■ Exercise: Repeat each line of the material below exactly as it appears, minus any pictures.
*** Provided material ***
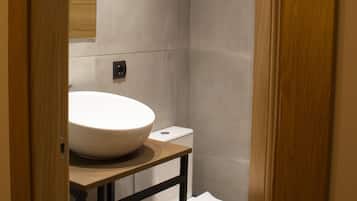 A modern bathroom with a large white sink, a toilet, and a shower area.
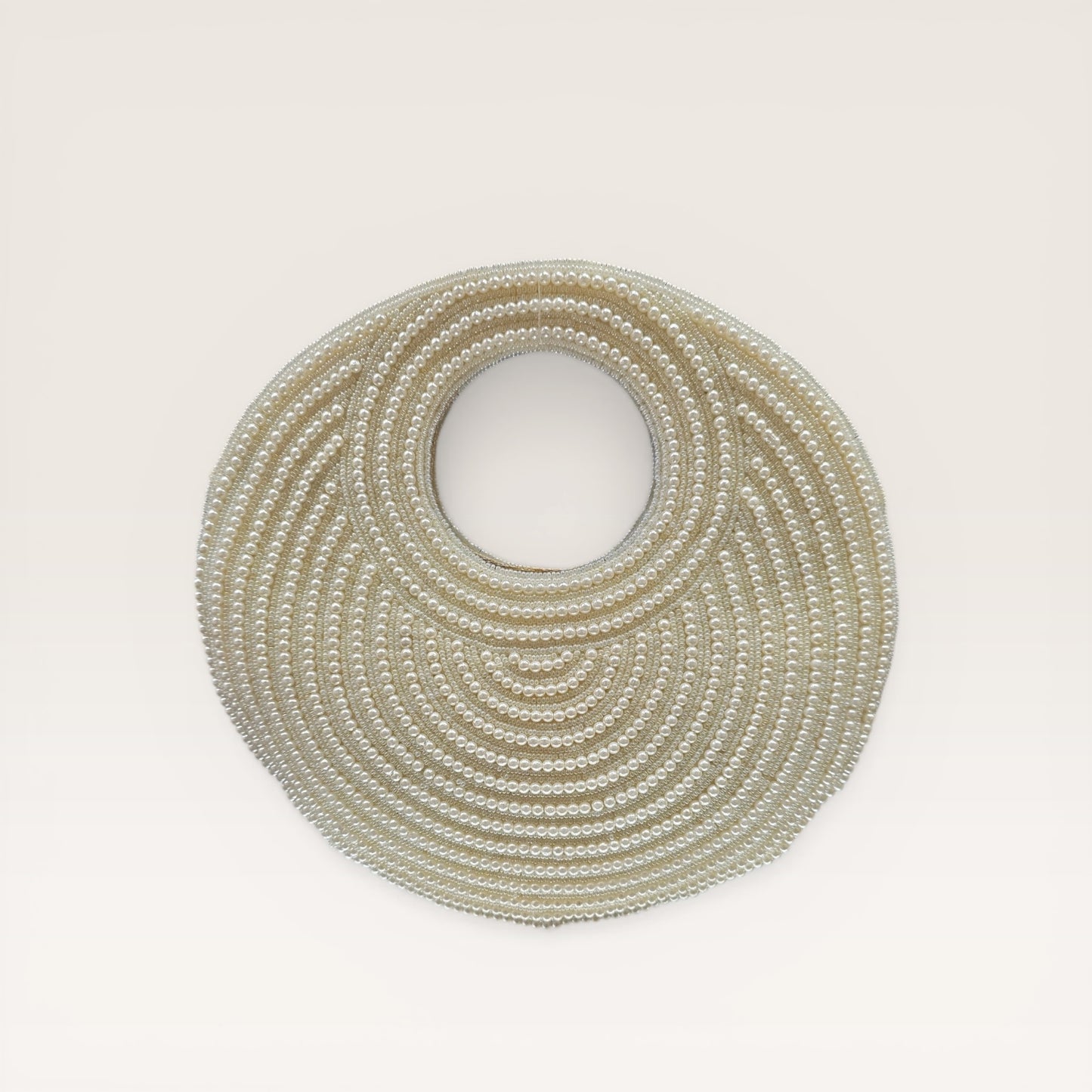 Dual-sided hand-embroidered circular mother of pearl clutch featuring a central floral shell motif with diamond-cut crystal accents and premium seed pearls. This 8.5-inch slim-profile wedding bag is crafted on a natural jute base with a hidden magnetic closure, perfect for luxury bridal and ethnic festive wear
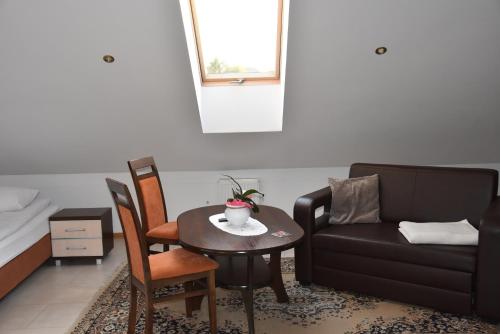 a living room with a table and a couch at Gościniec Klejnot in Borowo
*** End of Provided material ***
■ Answer to this exercise:
 A modern bathroom with a large white sink, a toilet, and a shower area.
 Dual-sided hand-embroidered circular mother of pearl clutch featuring a central floral shell motif with diamond-cut crystal accents and premium seed pearls. This 8.5-inch slim-profile wedding bag is crafted on a natural jute base with a hidden magnetic closure, perfect for luxury bridal and ethnic festive wear
 a living room with a table and a couch at Gościniec Klejnot in Borowo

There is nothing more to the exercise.